3. Aux termes de l'article 1655 sexies du même code : " (...) l'entrepreneur individuel qui exerce son activité dans le cadre d'une entreprise individuelle à responsabilité limitée (...) peut opter pour l'assimilation à une entreprise unipersonnelle à responsabilité limitée (...) 2. L'option mentionnée au 1, exercée dans des conditions fixées par décret, est irrévocable et vaut option pour l'impôt sur les sociétés ". Aux termes de l'article 350 bis de l'annexe III au même code : " I.- Pour l'exercice de l'option prévue à l'article 1655 sexies du code général des impôts, l'entreprise individuelle à responsabilité limitée adresse une notification au service des impôts du lieu de son principal établissement / La notification de l'option indique la dénomination et l'adresse de l'entreprise individuelle à responsabilité limitée, ainsi que les nom, prénom, l'adresse et la signature de l'entrepreneur individuel qui exerce son activité dans le cadre d'une entreprise individuelle à responsabilité limitée. / L'option est notifiée avant la fin du troisième mois de l'exercice au titre duquel l'entrepreneur individuel, qui exerce son activité dans le cadre d'une entreprise individuelle à responsabilité limitée, souhaite être assimilé à une entreprise unipersonnelle à responsabilité limitée ou à une exploitation agricole à responsabilité limitée ".
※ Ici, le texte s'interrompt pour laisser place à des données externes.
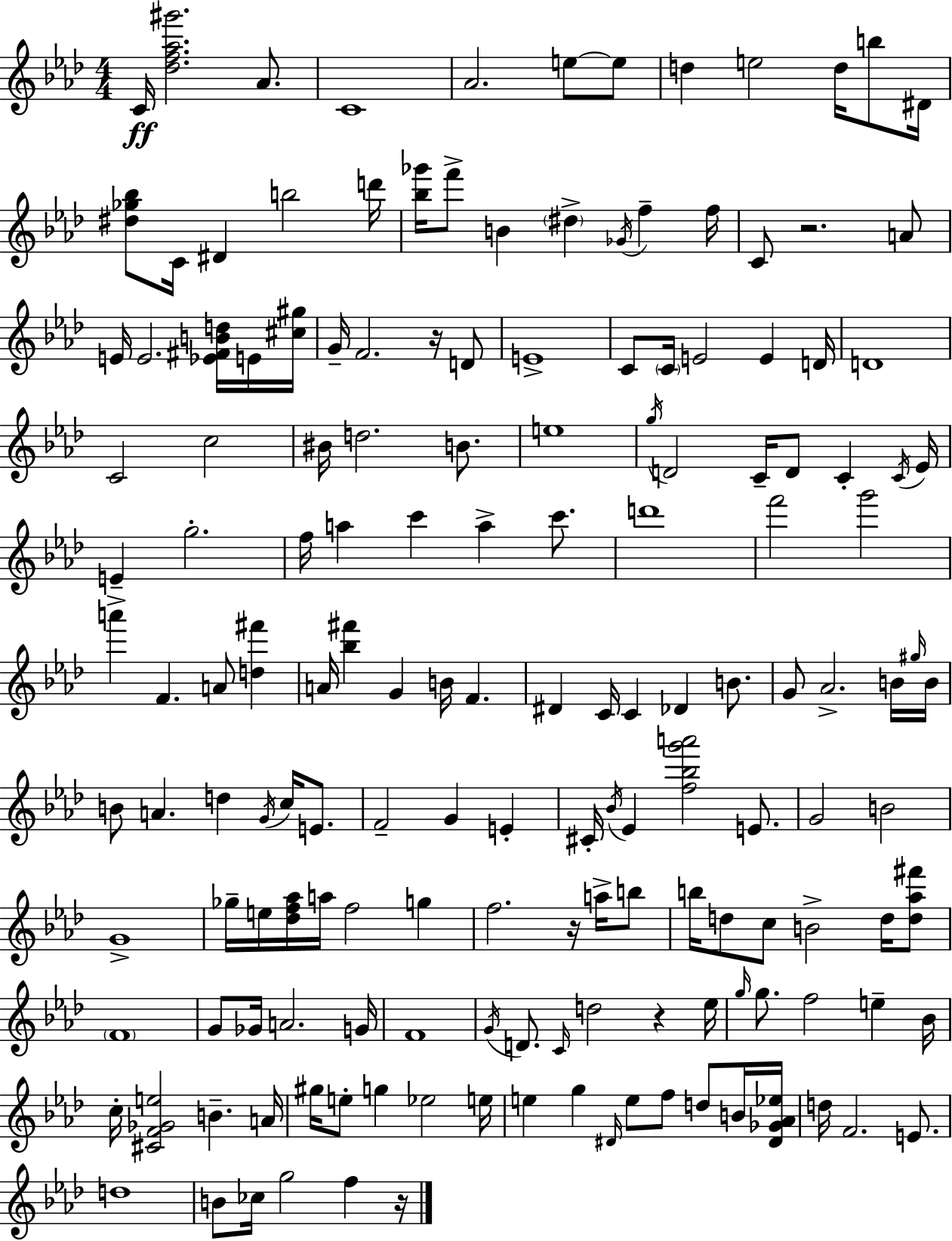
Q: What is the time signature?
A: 4/4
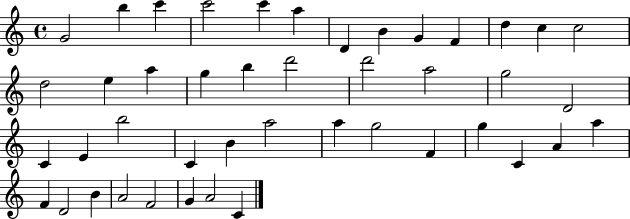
{
  \clef treble
  \time 4/4
  \defaultTimeSignature
  \key c \major
  g'2 b''4 c'''4 | c'''2 c'''4 a''4 | d'4 b'4 g'4 f'4 | d''4 c''4 c''2 | \break d''2 e''4 a''4 | g''4 b''4 d'''2 | d'''2 a''2 | g''2 d'2 | \break c'4 e'4 b''2 | c'4 b'4 a''2 | a''4 g''2 f'4 | g''4 c'4 a'4 a''4 | \break f'4 d'2 b'4 | a'2 f'2 | g'4 a'2 c'4 | \bar "|."
}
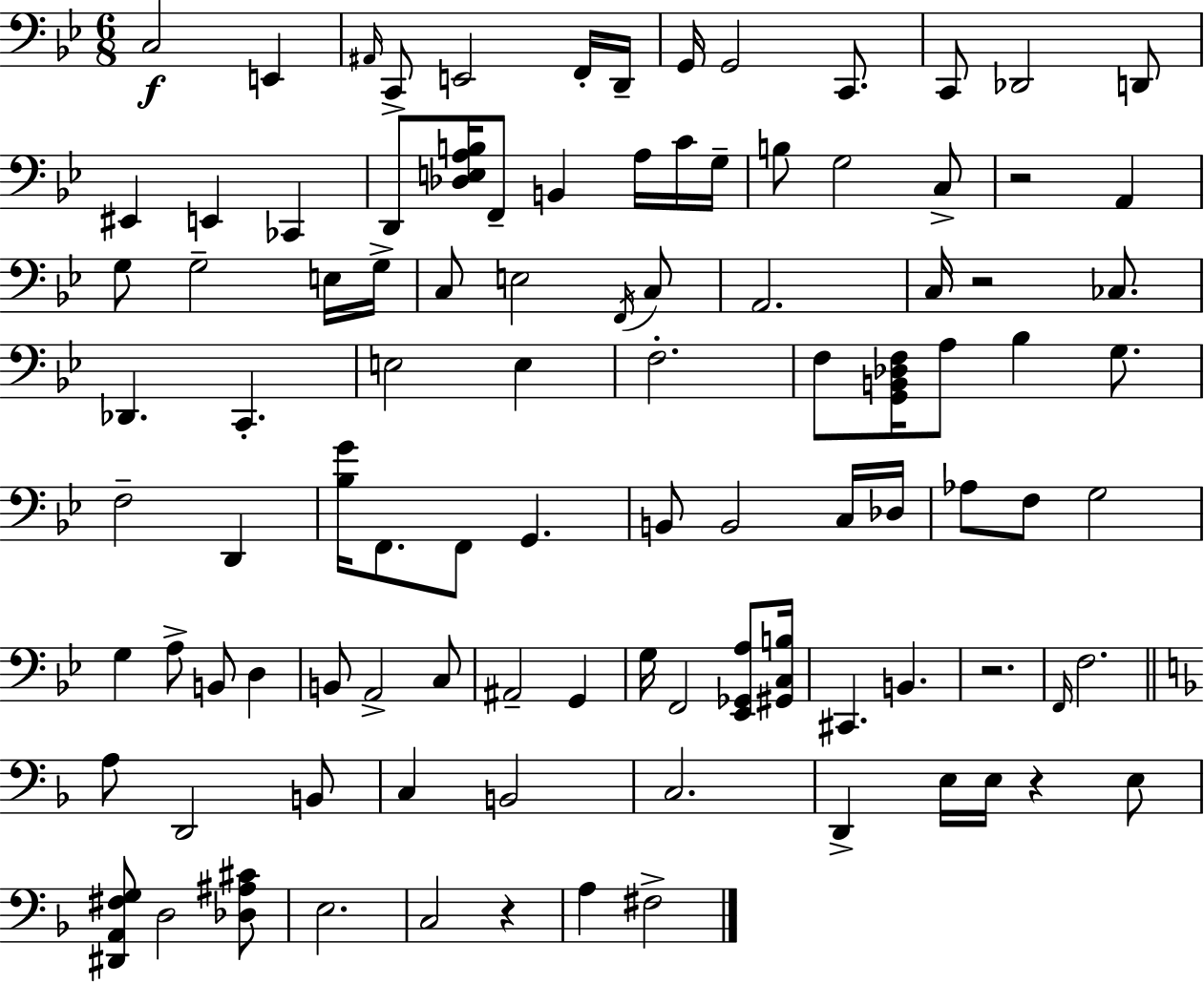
C3/h E2/q A#2/s C2/e E2/h F2/s D2/s G2/s G2/h C2/e. C2/e Db2/h D2/e EIS2/q E2/q CES2/q D2/e [Db3,E3,A3,B3]/s F2/e B2/q A3/s C4/s G3/s B3/e G3/h C3/e R/h A2/q G3/e G3/h E3/s G3/s C3/e E3/h F2/s C3/e A2/h. C3/s R/h CES3/e. Db2/q. C2/q. E3/h E3/q F3/h. F3/e [G2,B2,Db3,F3]/s A3/e Bb3/q G3/e. F3/h D2/q [Bb3,G4]/s F2/e. F2/e G2/q. B2/e B2/h C3/s Db3/s Ab3/e F3/e G3/h G3/q A3/e B2/e D3/q B2/e A2/h C3/e A#2/h G2/q G3/s F2/h [Eb2,Gb2,A3]/e [G#2,C3,B3]/s C#2/q. B2/q. R/h. F2/s F3/h. A3/e D2/h B2/e C3/q B2/h C3/h. D2/q E3/s E3/s R/q E3/e [D#2,A2,F#3,G3]/e D3/h [Db3,A#3,C#4]/e E3/h. C3/h R/q A3/q F#3/h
4. En vertu des articles 1er et 2 de la loi du 11 février 1994 relative à l'initiative et l'entreprise individuelle, l'obligation pour une entreprise de déclarer sa création, la modification de sa situation ou la cessation de ses activités auprès, notamment, des administrations de l'Etat, est légalement satisfaite par le dépôt d'un seul dossier comportant les diverses déclarations que l'entreprise est tenue de remettre à ces administrations et ce dossier unique, déposé auprès d'un organisme désigné à cet effet, vaut déclaration près du destinataire dès lors qu'il est régulier et complet à l'égard de celui-ci. Aux termes de l'article 371 AO de l'annexe II au code général des impôts alors applicable : " Conformément à l'article R. 123-17 du code de commerce, la déclaration présentée ou transmise au centre de formalités des entreprises compétent, dans les conditions précisées à cet article, vaut déclaration auprès de l'organisme destinataire ". Il résulte par ailleurs des annexes à l'article R. 123-30 du code du commerce que les Unions de recouvrement des cotisations de sécurité sociale et d'allocations familiales (URSSAF) sont compétentes pour recevoir les déclarations d'existence au service des impôts des personnes morales nouvellement créées.
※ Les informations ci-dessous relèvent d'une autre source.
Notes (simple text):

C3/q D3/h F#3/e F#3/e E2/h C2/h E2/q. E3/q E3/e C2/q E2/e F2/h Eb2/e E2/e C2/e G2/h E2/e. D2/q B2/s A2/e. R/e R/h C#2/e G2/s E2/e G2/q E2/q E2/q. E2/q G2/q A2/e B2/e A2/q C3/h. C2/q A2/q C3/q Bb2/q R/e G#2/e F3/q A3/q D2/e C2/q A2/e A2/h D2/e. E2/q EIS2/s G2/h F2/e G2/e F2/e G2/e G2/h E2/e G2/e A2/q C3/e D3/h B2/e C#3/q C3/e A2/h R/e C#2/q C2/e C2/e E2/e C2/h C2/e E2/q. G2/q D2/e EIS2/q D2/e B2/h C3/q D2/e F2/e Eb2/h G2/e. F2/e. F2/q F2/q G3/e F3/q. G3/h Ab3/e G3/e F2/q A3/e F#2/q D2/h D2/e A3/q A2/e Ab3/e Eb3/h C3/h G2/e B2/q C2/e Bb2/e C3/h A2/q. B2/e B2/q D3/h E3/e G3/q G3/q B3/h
5. Pour exercer valablement leur option pour l'imposition selon le régime propre aux sociétés de capitaux, les EIRL doivent soit notifier cette option au service des impôts du lieu de leur principal établissement, conformément aux prescriptions de l'article 1655 sexies du code général des impôts et de l'article 350 bis de l'annexe III au même code, soit cocher la case prévue à cet effet sur le formulaire remis au centre de formalité des entreprises dont elles dépendent à l'occasion de la déclaration de leur création ou de leur modification, manifestant ainsi sans ambiguïté l'exercice de leur option. Il résulte de l'instruction que dans la déclaration d'existence adressée à l'URSSAF le 7 mars 2013, l'EIRL " Thierry A... - TH G Audit et Conseil EIRL " avait coché la case correspondant à l'option pour son assujettissement à l'impôt sur les sociétés. Elle doit être ainsi regardée comme ayant exercé cette option avant la fin du troisième mois de l'exercice en cause. Par suite, Mme A... est fondée à soutenir que son foyer fiscal ne pouvait être imposé à l'impôt sur le revenu sur les résultats de l'EIRL, dans la catégorie des bénéfices non commerciaux, selon la procédure d'évaluation d'office prévue, en l'absence de déclaration de ces bénéfices, par les dispositions du 2 de l'article L. 73 du livre des procédures fiscales.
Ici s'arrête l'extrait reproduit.